Task objective →
Your response should be an exact reproduction of the data below, beginning at the line containing "Model Wearing Stone" and ending with the final line.

═════ Data listing ═════

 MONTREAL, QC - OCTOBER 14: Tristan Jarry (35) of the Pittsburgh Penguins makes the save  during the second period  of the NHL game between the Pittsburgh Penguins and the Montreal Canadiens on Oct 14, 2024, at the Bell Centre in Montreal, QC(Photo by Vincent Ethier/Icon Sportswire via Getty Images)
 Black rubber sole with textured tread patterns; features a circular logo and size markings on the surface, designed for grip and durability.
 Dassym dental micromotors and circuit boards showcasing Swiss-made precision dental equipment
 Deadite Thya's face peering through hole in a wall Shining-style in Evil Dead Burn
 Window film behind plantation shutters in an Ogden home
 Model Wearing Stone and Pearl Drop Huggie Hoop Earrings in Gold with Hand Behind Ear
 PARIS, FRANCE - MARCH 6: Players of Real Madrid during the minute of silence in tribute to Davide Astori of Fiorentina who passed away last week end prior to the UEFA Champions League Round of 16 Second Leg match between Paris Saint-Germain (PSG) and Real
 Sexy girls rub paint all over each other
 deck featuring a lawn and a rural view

═════

Output for this exercise →
 Model Wearing Stone and Pearl Drop Huggie Hoop Earrings in Gold with Hand Behind Ear
 PARIS, FRANCE - MARCH 6: Players of Real Madrid during the minute of silence in tribute to Davide Astori of Fiorentina who passed away last week end prior to the UEFA Champions League Round of 16 Second Leg match between Paris Saint-Germain (PSG) and Real
 Sexy girls rub paint all over each other
 deck featuring a lawn and a rural view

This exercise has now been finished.